I will do the performance comparison with both jlox and clox from official implementation. The former is AST tree-walking interpreter implemented by Java, and the latter is bytecode interpreter implemented by C. It could be especially interesting to compare the performance between C's and Rust's implementation (mine).

Team members:

Possible Future Works Build a compiler that compiles bytecode into native machine language (Arm64 for my computer) that can either be stack-machine-like style that doesn't need to take care of the register or register machine style that we should perform register allocation. The later one would be a huge project.

The above compiler can be used for the JIT compilation and we can also do the performance measurement on bytecode interpretation, stack style asm, or register style asm.

Or, build a profiler to measure performance between different backend implementation.

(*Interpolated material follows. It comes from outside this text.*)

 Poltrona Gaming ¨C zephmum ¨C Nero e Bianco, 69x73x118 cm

sampsyo commented 11 months ago

Sounds good overall!

Can you please expand on what you have written under "empirically measure success"? You have mentioned some test cases, which is great! What exactly will you do, and what outcomes do you expect? Please make a list. For example, it could include "I will write a test harness that uses these test files as input, and I expect 100% of the tests in this directory to pass." Or you could pick a subset of the tests.

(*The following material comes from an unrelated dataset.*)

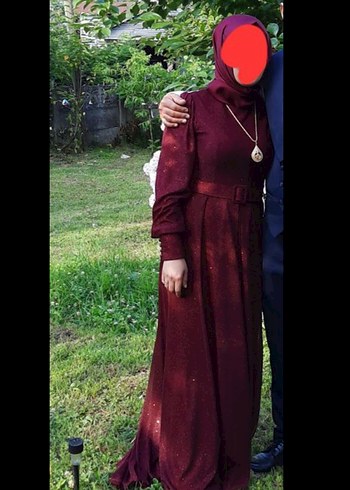 Zara Bordo Uzun Kollu Kemerli Abiye Elbise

And even if you don't implement any optimizations, I think you should measure performance and compare it against some sort of baseline (which baseline? you pick).

Smaller comments:

Pratt Parser Algorithm will be adopted in the front-end that is more likely to be used in industry.

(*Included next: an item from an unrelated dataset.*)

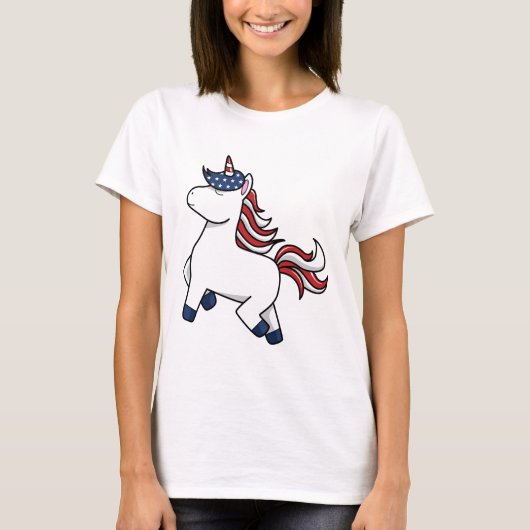 Patriotic American Unicorn Stars Stripes USA  Tシャツ (正面)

Do you have a specific justification for this (or perhaps a specific baseline that Pratt is "more adoptable" than)? If I were to guess, I would have supposed that a simple recursive descent parser would be the most common in industry. :)

I won’t build the AST (abstract syntax tree). Instead, the bytecode will be generated immediately after parsing.

Do you mean "during parsing" (i.e., the parser will directly output bytecode)? Or is there some other intermediate data structure (which might be referred to as the "parse tree")?

I could find the hotspot of bytecode simulation and try to optimize it by either algorithm improvement or hacking Rust by using unsafe block.

I strongly suspect that there will be plenty of low-hanging fruit for optimization that does not require unsafe.

Arthur-Chang016 commented 11 months ago

Thanks for your detailed response. I added the performance test in the How will you empirically measure success?.

Do you have a specific justification for this

Sorry I don't have justification for this. I just read from this book that talks about it's more likely to implement front-end with Pratt Parser than generative tools like Bison or Flex.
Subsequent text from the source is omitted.